Exercise instructions:
Below are some records. Return exactly their lines from the one containing "Side view of" through the one containing "A floral party", and drop the pictures.

[The data]

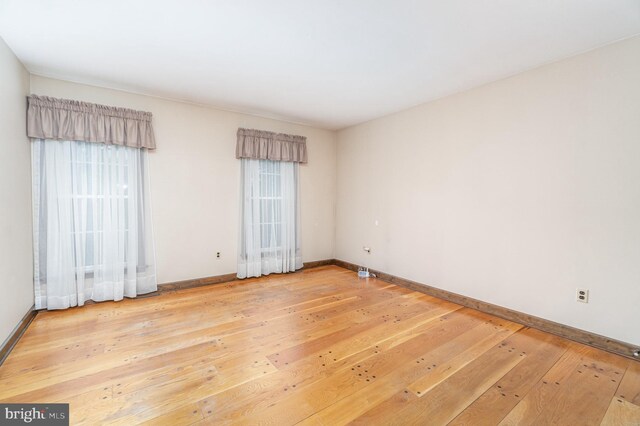 56 Pine Dr, Kirkwood, PA 17536 - empty room with wood-type flooring, plenty of natural light, and baseboards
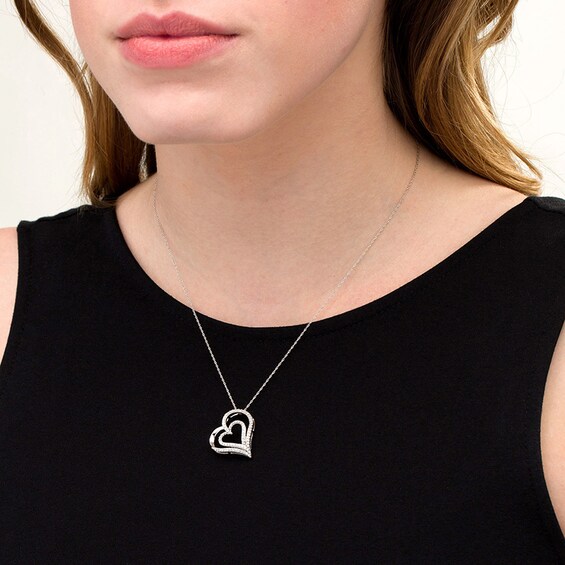 Previously Owned - 1/2 CT. T.w. Diamond Double Tilted Heart Pendant in 10K White Gold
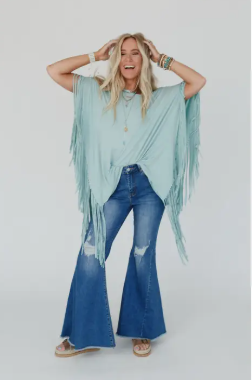 Model showcasing Lippy Fringe Top in washed seafoam with boat neckline and exaggerated short sleeves.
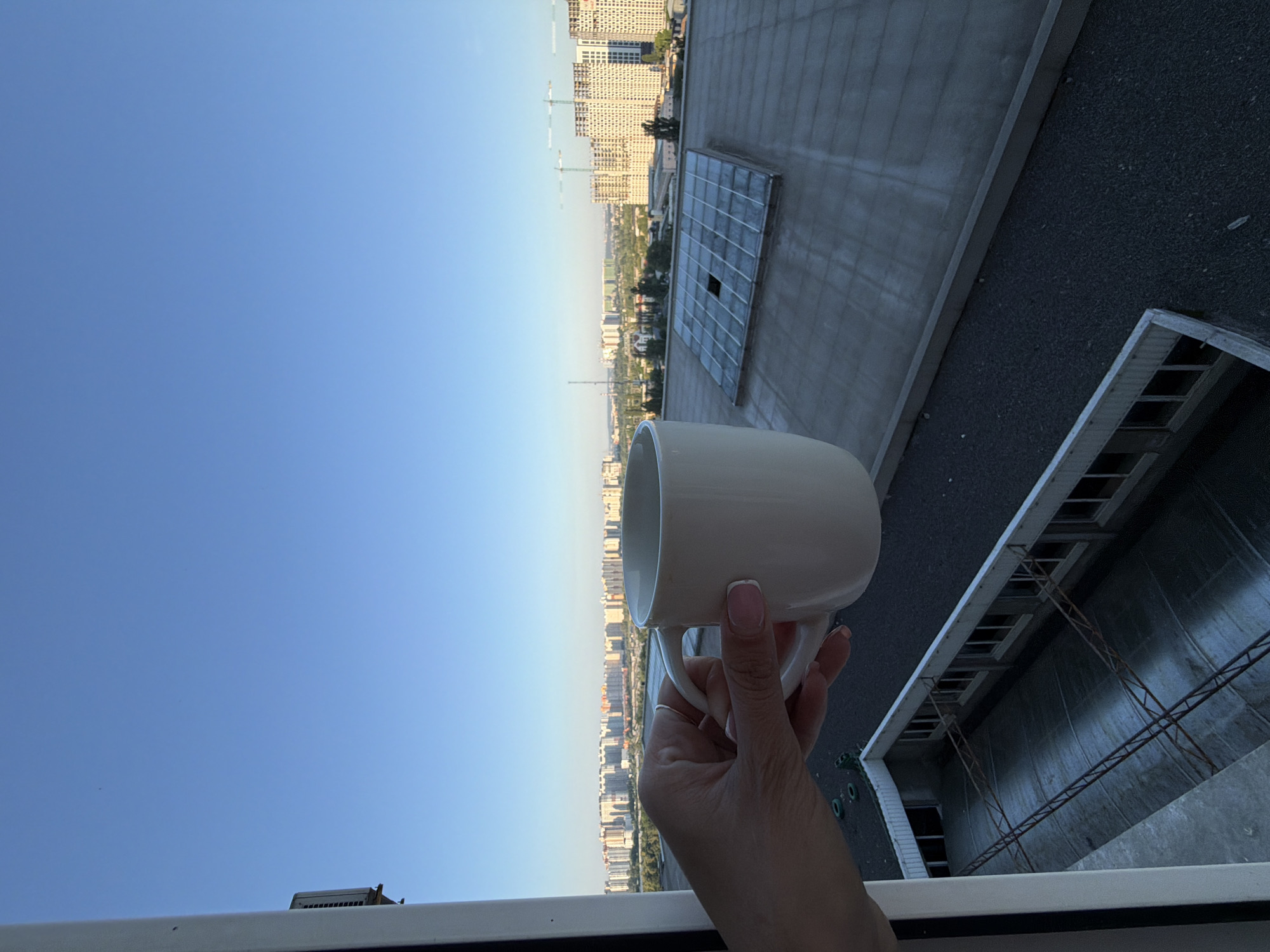 An over-the-shoulder shot shows a person's hand holding a white mug of coffee. The background reveals a cityscape, indicating the scene is likely in Kyiv, Ukraine. In the distance, residential buildings and construction sites are visible under a clear blue sky. In the foreground, the rooftop of a building with a large, tiled skylight is present, along with an adjacent building with a metal-covered roof and industrial-style windows. The image captures a moment of enjoying a morning view from a high vantage point.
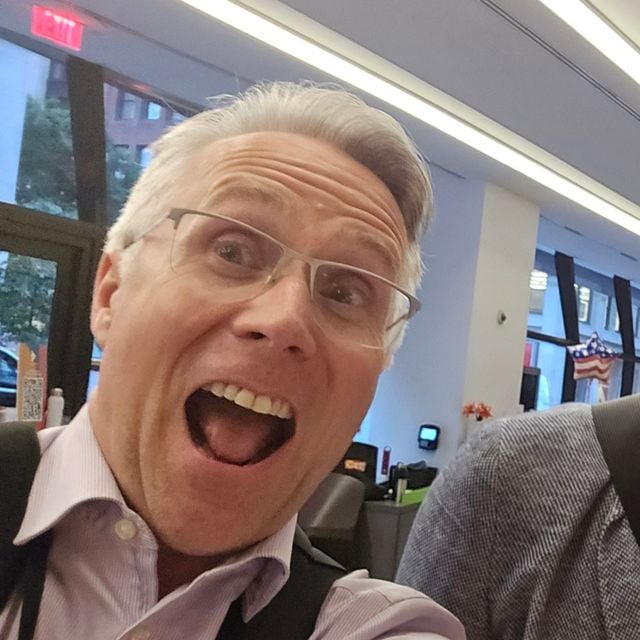 Mark DeLoura taking a selfie and smiling with his mouth wide open.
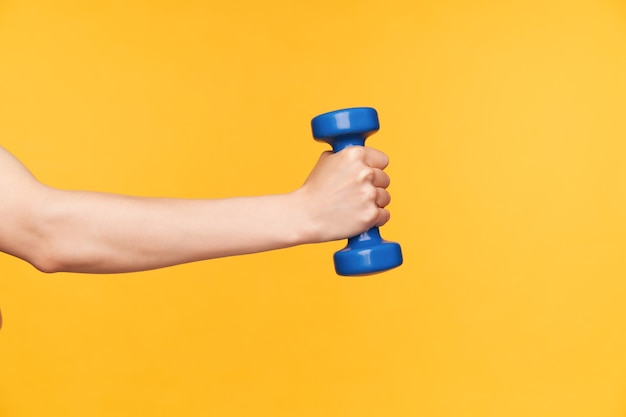 Side view of raised female hand with blue dumbbell exercising biceps while being isolated over yellow background. body care and fitness concept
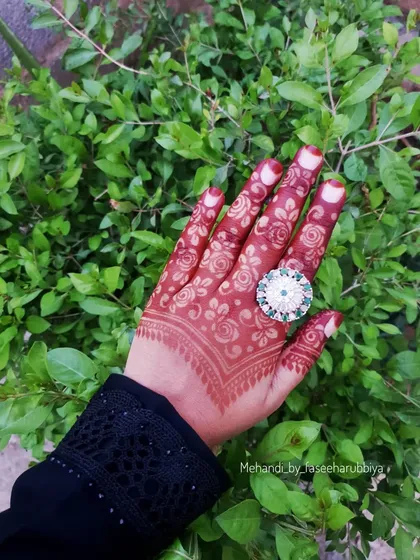A floral party henna design with a beautiful reddish-brown stain, pictured against a natural green background.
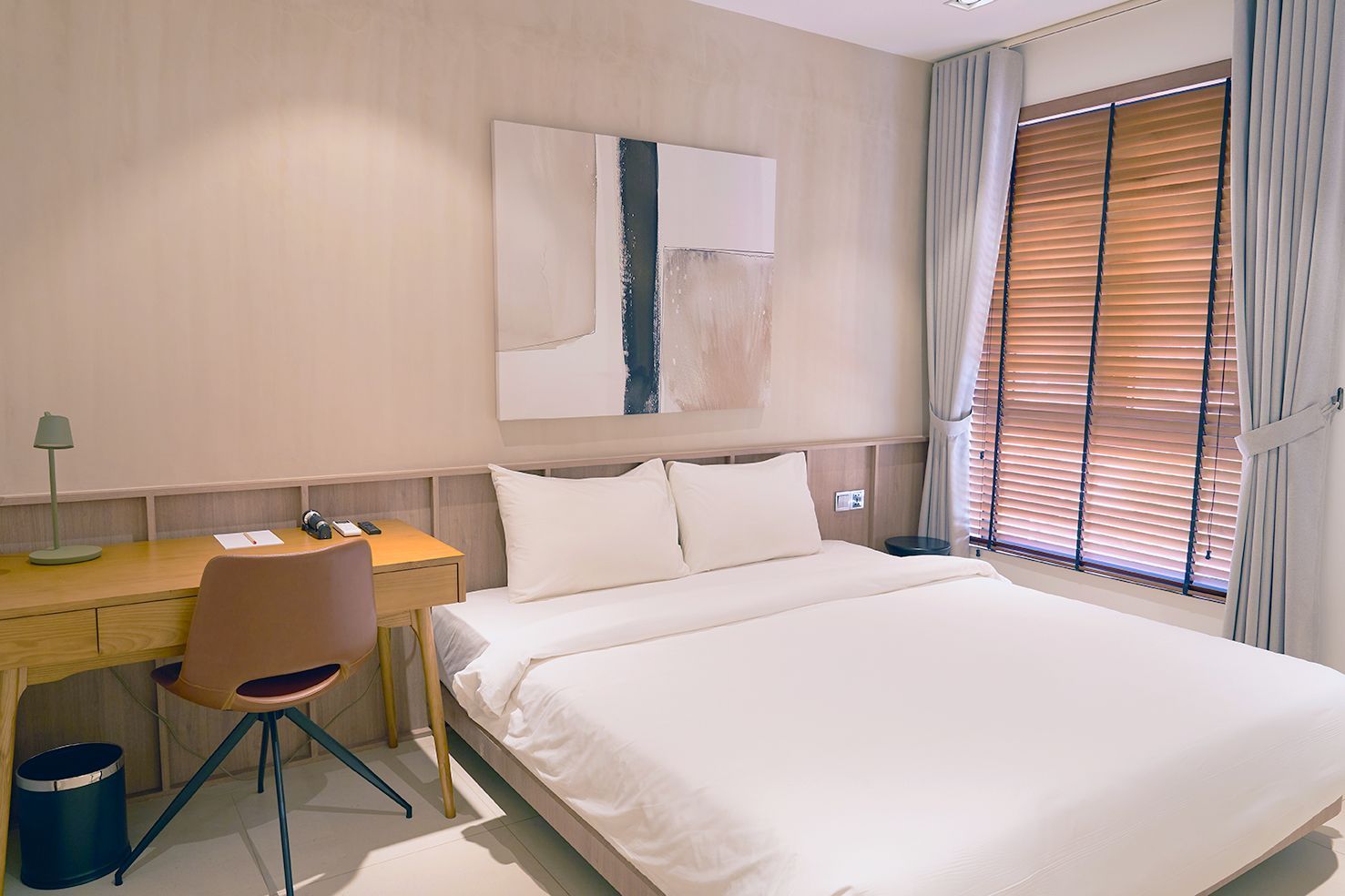 Bright bedroom with a neatly made bed, desk, chair, wall art, and window blinds.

[/The data]

Output of the task:
 Side view of raised female hand with blue dumbbell exercising biceps while being isolated over yellow background. body care and fitness concept
A floral party henna design with a beautiful reddish-brown stain, pictured against a natural green background.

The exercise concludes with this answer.